The simple answer is that, just as faith was required in the Old Testament for individuals to please God and to be in relationship with him, so in the New Testament, when baptism "took off afresh" for the nation of Israel with John the Baptist's baptisms, and with what Jesus Christ said, then with how all the apostles explained their agreement with faith needed for genuine conversion, water baptism then being a public declaration that such faith had been expressed.
A good list of 12 such N.T. texts has already been provided in another answer, so I will not repeat them here. However, the idea of credo baptism first originating in 1609 with a Baptist denomination is totally wrong, plus misleading. For a start, credo baptism is reported in the N.T! Thereafter, the Christian Church continued to practice it, with Tertullian condemning an instance of infant baptism in 197. Despite that, sprinkling of infants gained ground.

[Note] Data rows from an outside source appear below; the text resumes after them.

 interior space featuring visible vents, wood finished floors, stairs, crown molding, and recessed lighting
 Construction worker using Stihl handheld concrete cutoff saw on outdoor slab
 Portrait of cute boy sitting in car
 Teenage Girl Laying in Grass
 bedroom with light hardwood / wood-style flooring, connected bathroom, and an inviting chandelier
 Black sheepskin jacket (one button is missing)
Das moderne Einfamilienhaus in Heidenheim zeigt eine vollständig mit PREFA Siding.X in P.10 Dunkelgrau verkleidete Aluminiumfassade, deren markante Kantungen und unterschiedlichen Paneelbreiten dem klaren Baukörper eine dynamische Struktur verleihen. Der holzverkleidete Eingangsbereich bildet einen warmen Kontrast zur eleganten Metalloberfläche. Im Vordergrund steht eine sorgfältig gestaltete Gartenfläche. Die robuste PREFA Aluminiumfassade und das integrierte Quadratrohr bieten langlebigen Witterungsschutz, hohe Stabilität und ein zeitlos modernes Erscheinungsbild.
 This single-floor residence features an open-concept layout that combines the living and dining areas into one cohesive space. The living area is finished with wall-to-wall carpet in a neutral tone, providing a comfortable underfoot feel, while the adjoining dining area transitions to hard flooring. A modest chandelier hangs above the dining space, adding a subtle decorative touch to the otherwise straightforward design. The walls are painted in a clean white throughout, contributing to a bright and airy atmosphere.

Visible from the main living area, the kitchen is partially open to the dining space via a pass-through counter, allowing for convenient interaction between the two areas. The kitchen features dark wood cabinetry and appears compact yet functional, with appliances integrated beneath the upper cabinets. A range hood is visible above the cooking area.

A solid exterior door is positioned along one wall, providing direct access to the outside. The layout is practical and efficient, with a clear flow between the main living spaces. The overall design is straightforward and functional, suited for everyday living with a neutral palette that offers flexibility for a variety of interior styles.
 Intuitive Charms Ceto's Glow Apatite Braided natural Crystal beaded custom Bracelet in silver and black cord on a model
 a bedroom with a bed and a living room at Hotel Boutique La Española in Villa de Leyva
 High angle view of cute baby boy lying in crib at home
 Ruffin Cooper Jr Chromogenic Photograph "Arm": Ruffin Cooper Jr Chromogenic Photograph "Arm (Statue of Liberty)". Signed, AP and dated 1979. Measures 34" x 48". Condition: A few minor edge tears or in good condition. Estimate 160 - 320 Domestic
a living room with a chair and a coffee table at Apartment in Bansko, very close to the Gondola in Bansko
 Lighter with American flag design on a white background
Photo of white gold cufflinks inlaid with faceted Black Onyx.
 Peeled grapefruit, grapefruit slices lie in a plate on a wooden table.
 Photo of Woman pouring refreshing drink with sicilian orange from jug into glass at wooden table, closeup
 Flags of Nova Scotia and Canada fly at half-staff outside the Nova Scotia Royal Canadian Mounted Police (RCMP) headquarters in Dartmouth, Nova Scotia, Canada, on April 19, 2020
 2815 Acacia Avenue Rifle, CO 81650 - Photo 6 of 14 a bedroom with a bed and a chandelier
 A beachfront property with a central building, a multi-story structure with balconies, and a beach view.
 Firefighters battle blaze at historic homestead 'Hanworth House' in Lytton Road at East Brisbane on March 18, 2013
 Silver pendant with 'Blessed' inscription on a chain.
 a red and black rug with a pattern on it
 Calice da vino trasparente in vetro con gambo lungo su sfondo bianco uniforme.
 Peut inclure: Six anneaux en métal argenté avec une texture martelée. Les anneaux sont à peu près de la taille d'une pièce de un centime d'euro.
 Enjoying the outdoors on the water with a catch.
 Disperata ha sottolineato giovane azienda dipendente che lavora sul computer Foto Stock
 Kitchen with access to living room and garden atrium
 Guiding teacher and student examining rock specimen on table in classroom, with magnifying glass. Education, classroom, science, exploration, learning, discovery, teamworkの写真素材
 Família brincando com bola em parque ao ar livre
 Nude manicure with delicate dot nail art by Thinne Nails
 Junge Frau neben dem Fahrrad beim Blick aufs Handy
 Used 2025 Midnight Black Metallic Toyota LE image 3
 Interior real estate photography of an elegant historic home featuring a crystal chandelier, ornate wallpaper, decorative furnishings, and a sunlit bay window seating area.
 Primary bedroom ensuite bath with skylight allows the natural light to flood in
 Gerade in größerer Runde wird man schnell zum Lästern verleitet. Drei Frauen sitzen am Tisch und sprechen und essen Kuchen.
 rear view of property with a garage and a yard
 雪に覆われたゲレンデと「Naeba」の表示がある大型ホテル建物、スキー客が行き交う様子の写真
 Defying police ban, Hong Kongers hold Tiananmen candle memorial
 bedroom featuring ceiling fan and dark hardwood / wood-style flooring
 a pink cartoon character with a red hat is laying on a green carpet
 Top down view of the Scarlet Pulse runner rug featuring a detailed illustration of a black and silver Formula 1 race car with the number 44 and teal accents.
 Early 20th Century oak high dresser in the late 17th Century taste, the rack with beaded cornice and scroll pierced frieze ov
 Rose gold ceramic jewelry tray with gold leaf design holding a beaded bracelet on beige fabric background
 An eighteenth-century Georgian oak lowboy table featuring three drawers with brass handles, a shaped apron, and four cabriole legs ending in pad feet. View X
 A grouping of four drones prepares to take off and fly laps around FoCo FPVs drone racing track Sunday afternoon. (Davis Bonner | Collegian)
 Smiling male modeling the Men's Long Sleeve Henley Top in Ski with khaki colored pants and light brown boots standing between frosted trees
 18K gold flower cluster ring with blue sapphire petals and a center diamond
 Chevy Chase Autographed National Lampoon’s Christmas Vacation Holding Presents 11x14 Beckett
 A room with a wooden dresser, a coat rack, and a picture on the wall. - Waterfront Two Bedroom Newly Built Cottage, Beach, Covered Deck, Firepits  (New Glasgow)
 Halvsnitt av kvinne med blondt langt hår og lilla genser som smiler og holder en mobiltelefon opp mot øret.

Here is what this Catholic authority says on the matter:
"The baptism of adults is presupposed throughout the NT and the early
Christian period... Infant baptism developed naturally out of the
entirely different circumstances in which Christianity found itself
when society had become Christian... But child baptism became the
normal practice from about the 4th or 5th century onwards... even
today, through the intermediary of their godparents infants are
treated at their baptism as if they were adult: they [the godparents]
renounce Satan, confess the faith, and state that they wish to be
baptized." Encyclopedia of Theology, p69, article by Burkhard
Neunheuser, Burns & Oates, 1961 [Emphasis mine]
This means that credo baptism was the single form of baptism until Catholicism approved this new practice later. It was based on the teaching that salvation was dependent on baptism, i.e. baptismal regeneration, (Sess. 7, Canons on the Sacrament of Baptism, 1-14, D 857-70) and that baptism could not be repeated. Groups that disagreed with this, saying salvation came first at the point of putting faith in Christ, were later declared to be heretics, and so the uprising of infant baptism caused them to be ousted from the Church.
There is written confirmation of this after 1348, but the fact that Catholicism declared credo baptism to be a heresy long before then shows that it was practiced by others. This means that trying to attribute credo baptism to either Anabaptists (twice-baptised) or to Baptists circa. 1609 is nonsense.
The new emperor, Charles IV, vigorously pursued (persecuted) all Christians who objected to such things as infant baptism. At that time, many people who had been baptised as babies or toddlers, later came to hear the gospel as proclaimed by Christian preachers outside of Catholicism, confessed Christ personally and were fully immersed in water. They were, effectively, the first Anabaptists, long before a particular group in Munster was named such, circa 1524. The Anabatist non-Christian excesses near the end of that century gave them a bad reputation, but their predecessors were virtuous Christians who would not accept Catholic dogma on such matters as infant baptism (and other issues.) They were all tarred with the same, one brush of 'Heretics'. All of them, from the 2nd century on, maintained that faith must be a condition of baptism. In this, they were simply sticking to the New Testament teaching, even though it cost many of them severe persecution, if not their lives. It predates Lutherism and Calvinism by centuries!